** INSTRUCTIONS FOR THE TASK **
Begin your copy at the line with "Дървен стол за хранене Дани" in the records below and end it at the line with "MUSINSA | GLOWNY", restating each line word for word; omit the pictures.

** RECORDS FOR PROCESSING **
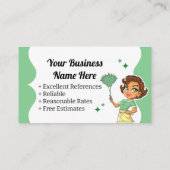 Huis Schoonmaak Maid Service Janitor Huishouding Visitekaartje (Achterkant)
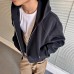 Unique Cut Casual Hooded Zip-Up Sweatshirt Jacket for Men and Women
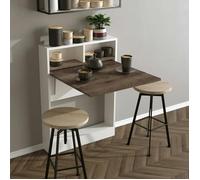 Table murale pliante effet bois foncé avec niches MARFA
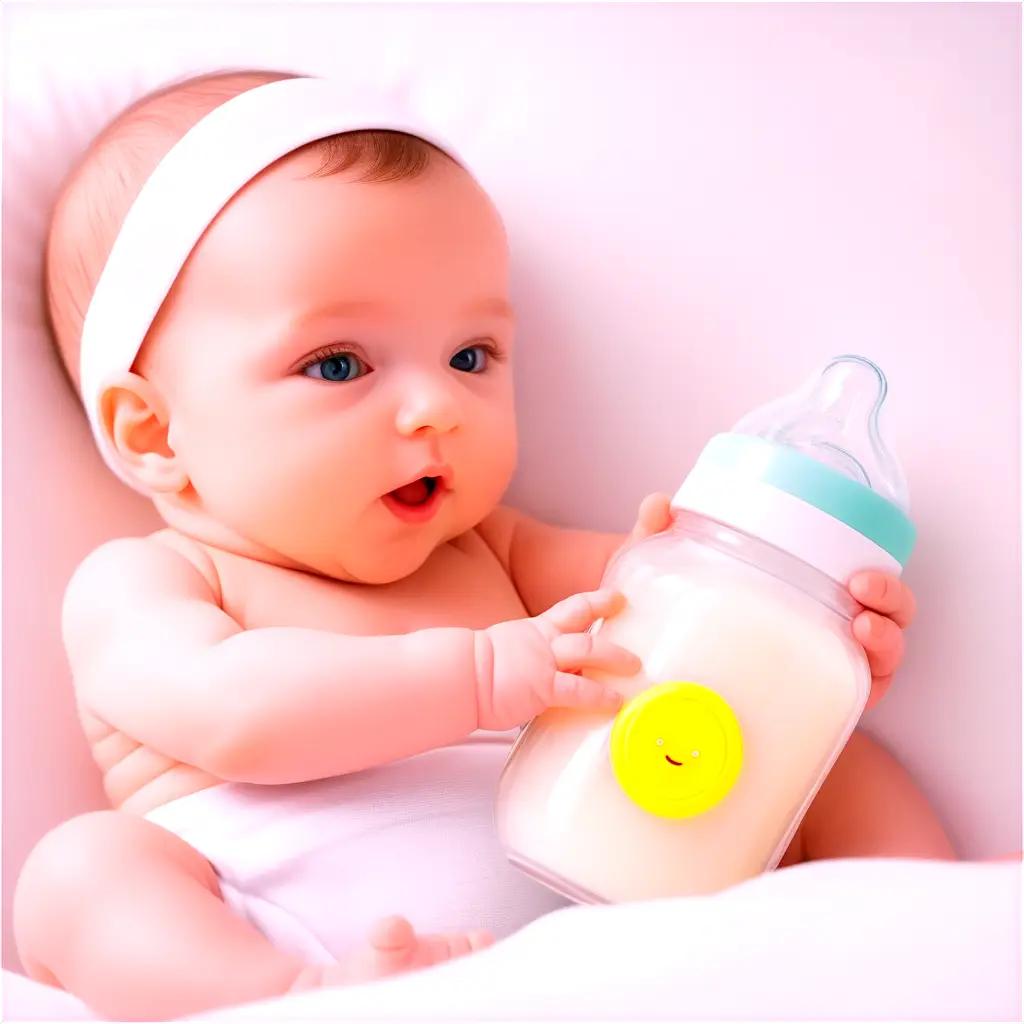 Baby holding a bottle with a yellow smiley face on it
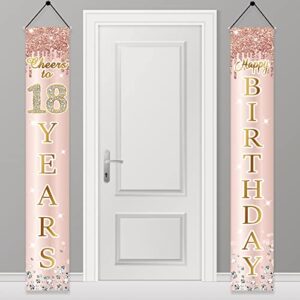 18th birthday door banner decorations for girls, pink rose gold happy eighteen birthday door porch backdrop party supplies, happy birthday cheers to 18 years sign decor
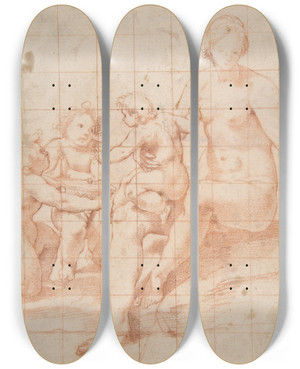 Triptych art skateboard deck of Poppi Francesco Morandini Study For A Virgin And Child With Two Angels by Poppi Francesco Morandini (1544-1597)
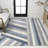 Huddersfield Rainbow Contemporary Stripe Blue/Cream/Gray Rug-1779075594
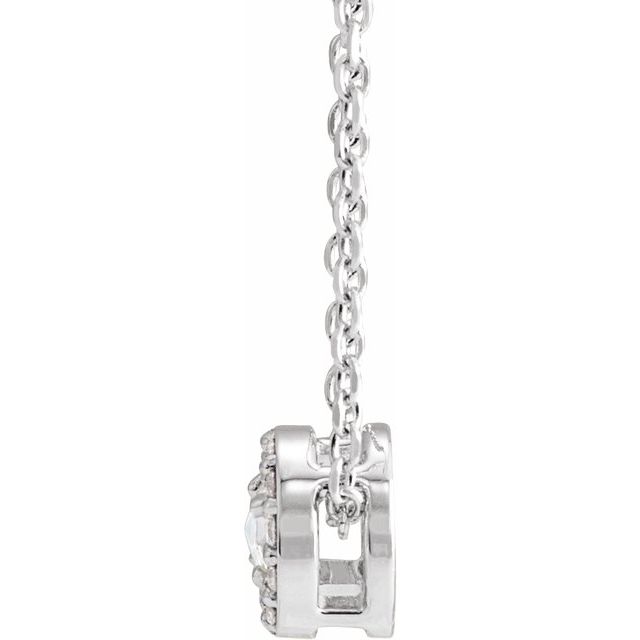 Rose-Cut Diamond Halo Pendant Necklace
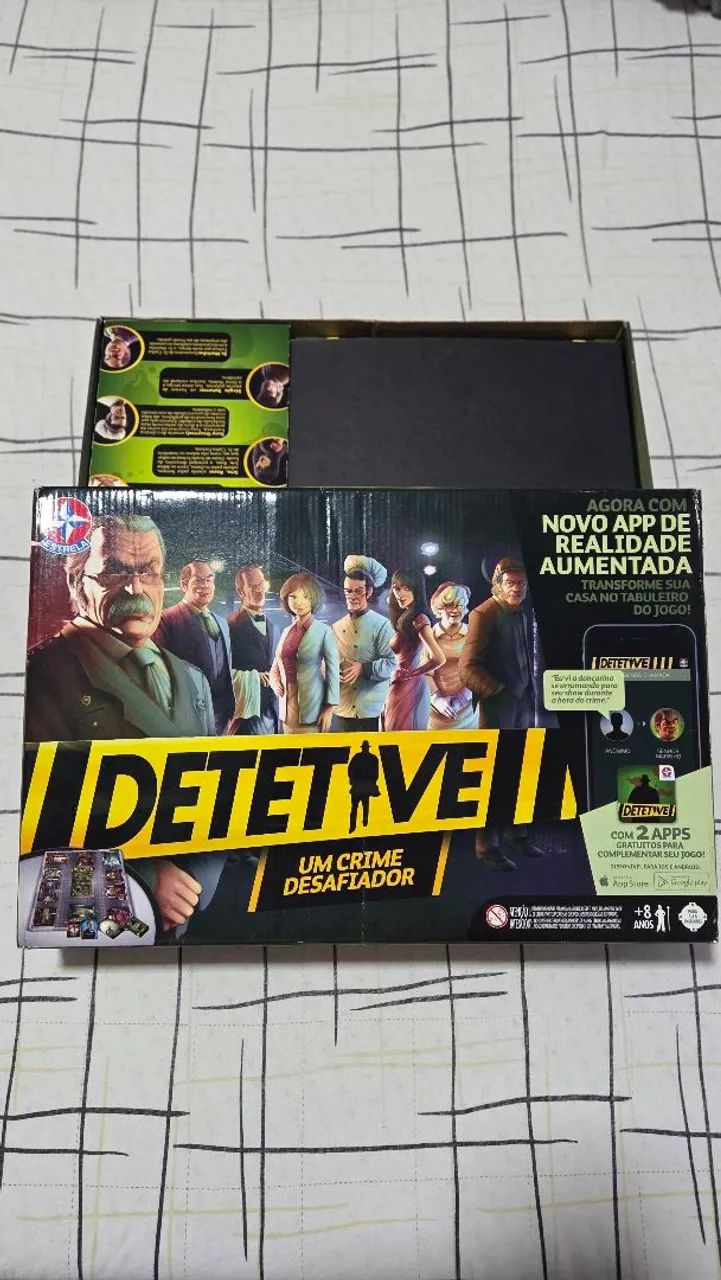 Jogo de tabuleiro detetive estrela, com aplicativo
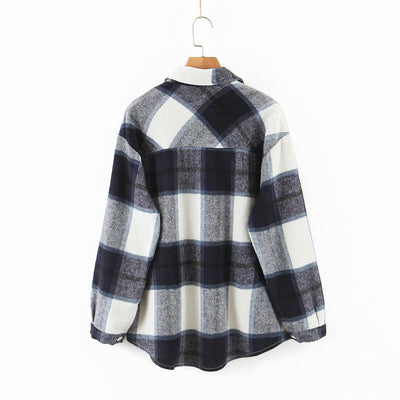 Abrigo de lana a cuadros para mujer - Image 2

* * *

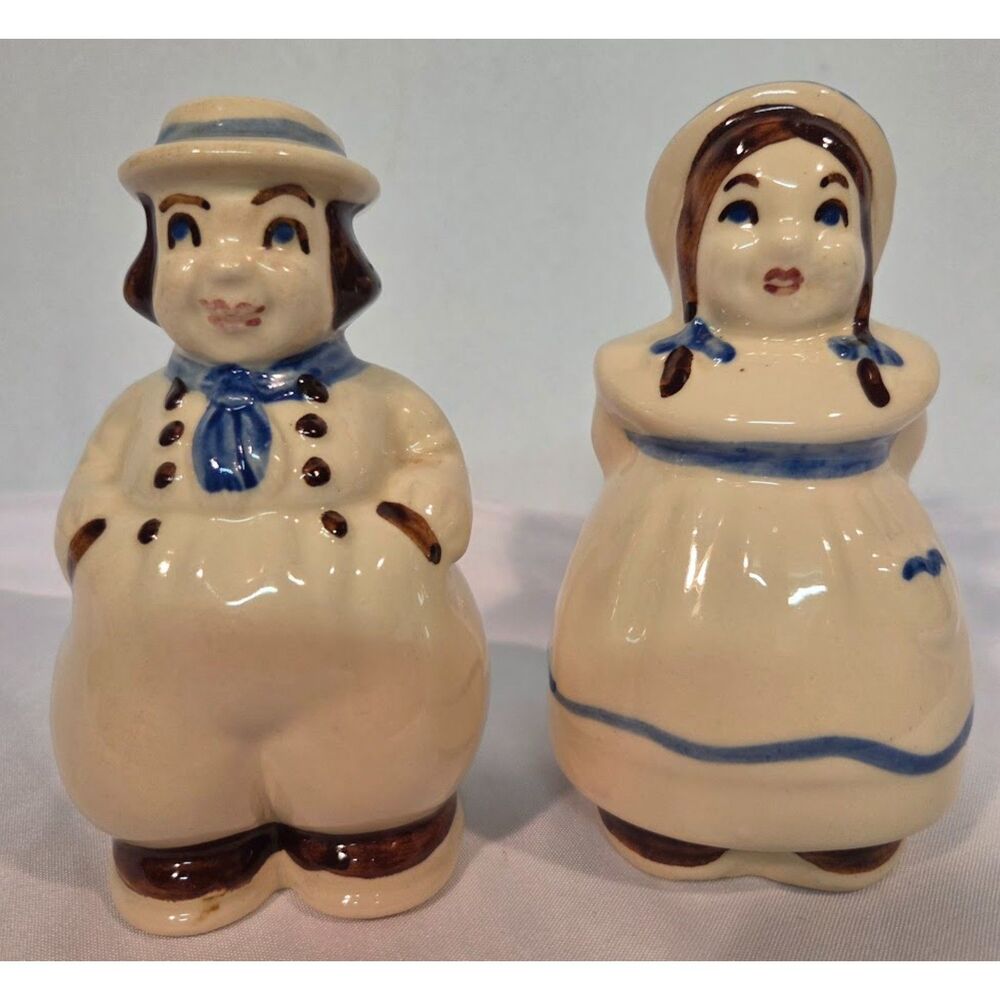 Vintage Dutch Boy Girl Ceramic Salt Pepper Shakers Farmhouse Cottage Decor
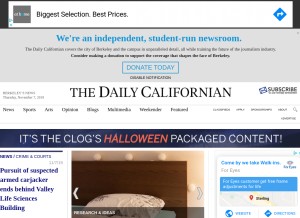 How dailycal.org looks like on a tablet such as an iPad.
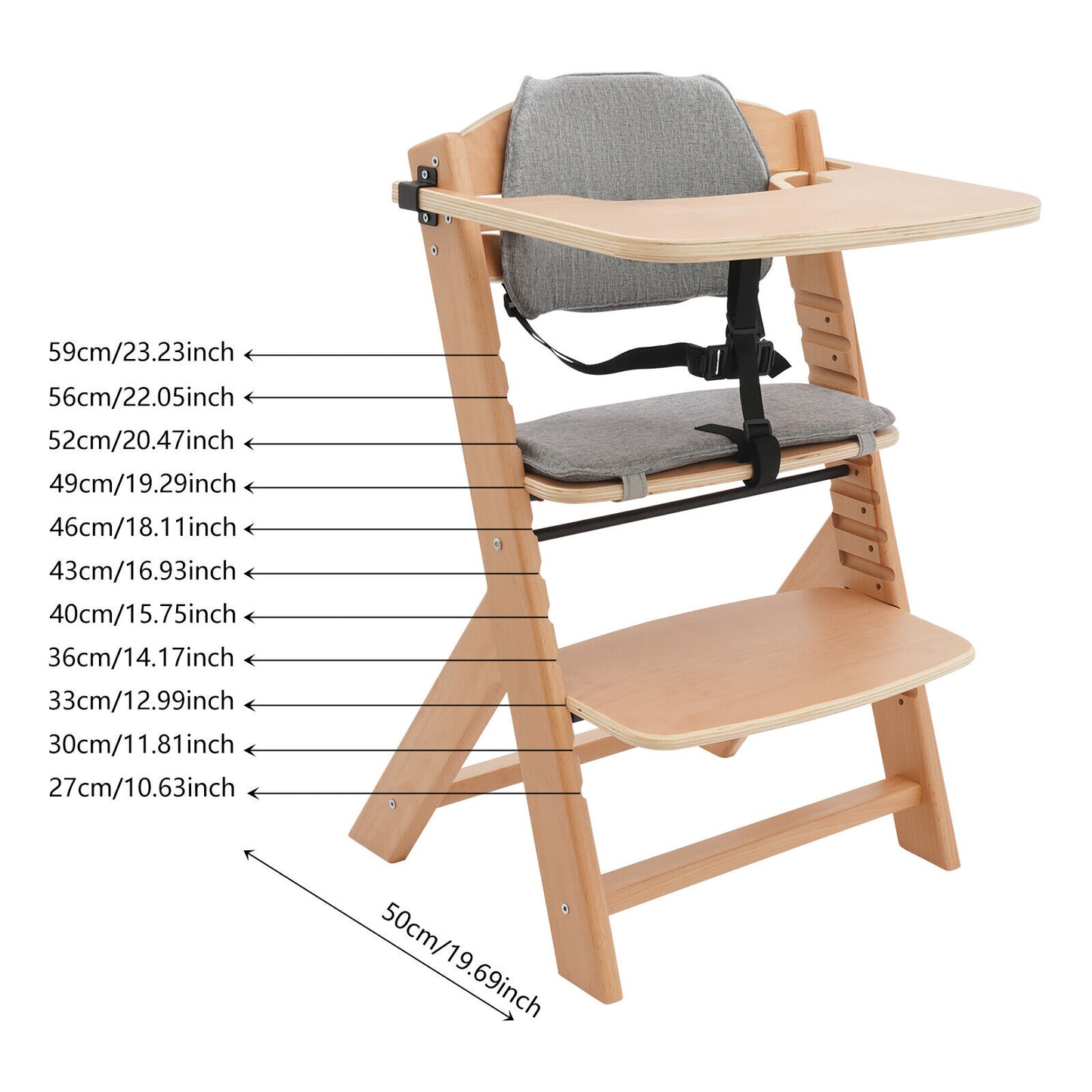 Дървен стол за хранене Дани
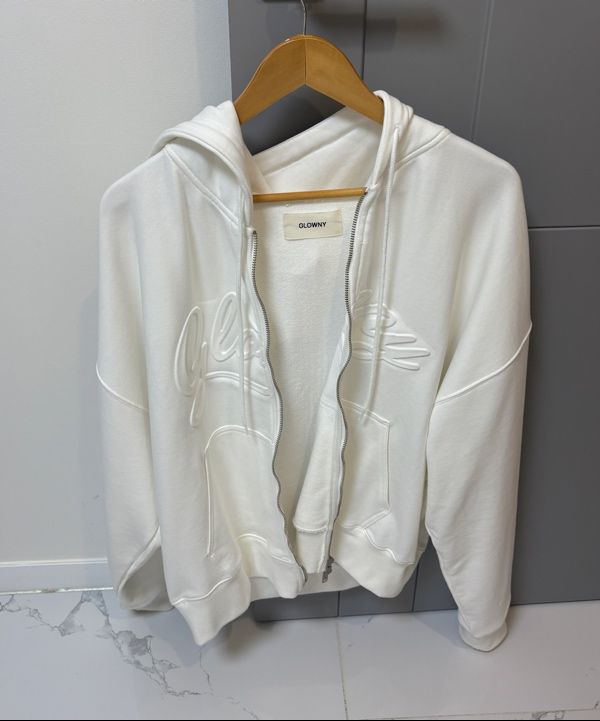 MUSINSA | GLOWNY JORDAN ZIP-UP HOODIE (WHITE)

** YOUR SOLUTION **
 Дървен стол за хранене Дани
 MUSINSA | GLOWNY JORDAN ZIP-UP HOODIE (WHITE)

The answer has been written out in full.